Concernant les dépenses publiques directes et indirectes, se pose bien entendu la question du financement. Élisabeth Borne dans le communiqué de la réunion de lundi soir, a bien précisé vouloir « demander un peu aux petits et beaucoup aux gros ». Pour garantir de tels investissements, le rapport préconise tout d’abord l’usage de transitions budgétaires, en redéployant des « dépenses brunes » vers des « dépenses vertes ». Ces diverses mesures pourraient permettre, selon le rapport, de dégager entre 10 et 20 milliards d’euros par an. Mais ces mesures seraient alors insuffisantes, ce qui suppose, dès lors, une hausse des taxes ou la création d’un nouvel impôt. Jean Pisani-Ferry propose dans ce sens la création d’un « Un prélèvement forfaitaire exceptionnel de 5 %, dans une fenêtre de 30 ans », du patrimoine financier des 10 % de Français les plus riches. Selon France Stratégie, la mesure rapporterait 150 milliards d’euros sur 30 ans en précisant que la décille supérieure de la population française dispose de 3 000 milliards d’euros d’actif financier. Ni le ministre de la Transition écologique, Christophe Béchu, ni le président de la Cour des comptes ne semblent d’ailleurs opposés à cette mesure, comme ce dernier l’a indiqué dans un entretien à la matinale de France Inter. Le troisième moyen serait, bien entendu d’emprunter sur les marchés financiers tout en sachant que les taux d’emprunts montent et que la note de la France, c’est à l’évaluation de la capacité de remboursement, a été dégradé par l’agence de notation Fitch passant de AA à AA-.
Et tout cet effort pour…
La véritable difficulté de la mise en place de ces mesures est leur impact réel sur le changement climatique. Comme le note l’ancien commissaire de France Stratégie, la question du réchauffement climatique est un enjeu global qui nécessite une réponse globale.
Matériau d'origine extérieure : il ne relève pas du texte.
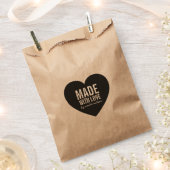 Sachets En Papier Gras Stylish Rustic Fabriqué avec coeur d'amour (Coupé)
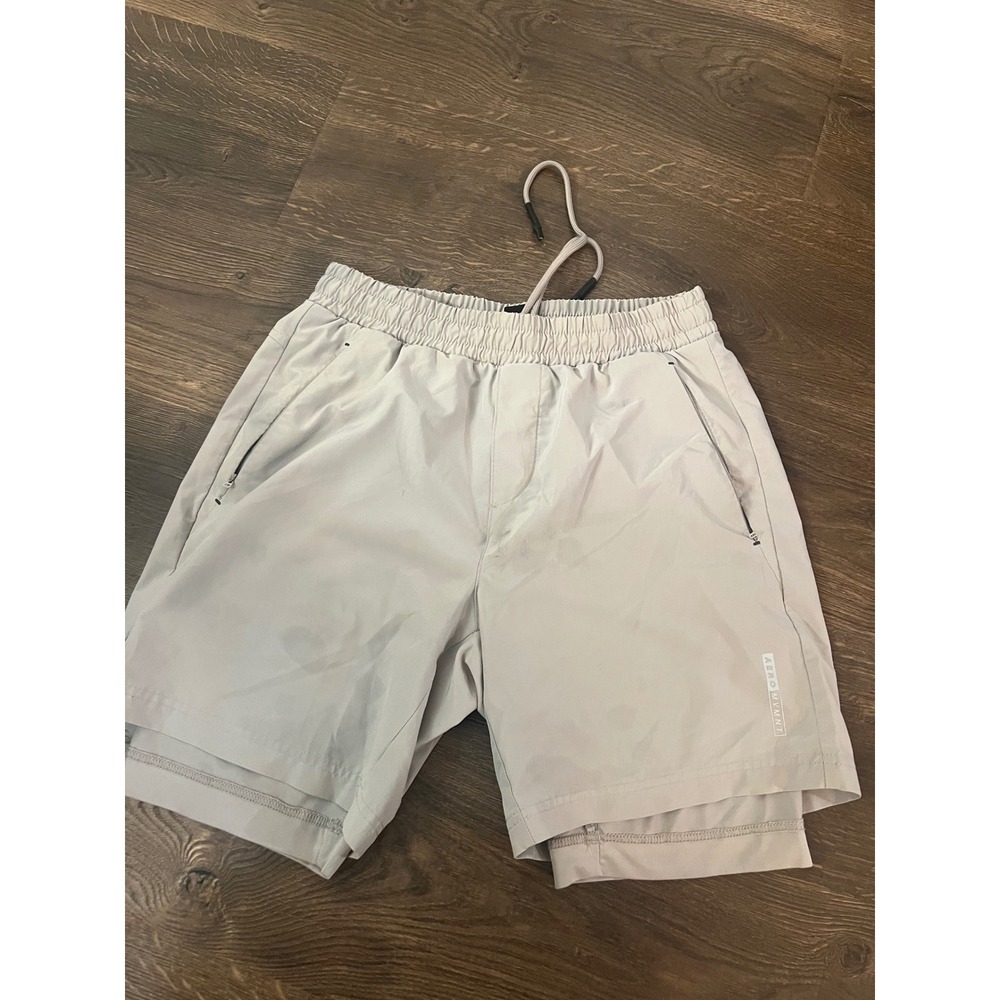 Aero Mvmnt Mens 2-in-1 Athletic Running Shorts Light Gray Size S‎ Zipper Pockets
Si un ou plusieurs pays se résignent à faire baisser leurs émissions, sans que cela soit suivi par les autres pays du monde, le bénéfice de ces efforts est inexistant. Or, les émissions de CO2 de l’UE ne représentent que 12,5 % du total mondial, en sachant qu’une part conséquente de la baisse des émissions de l’Europe ces trente dernières années sont le résultat de la désindustrialisation de vieux continent aux dépens de la hausse de celles des pays émergents.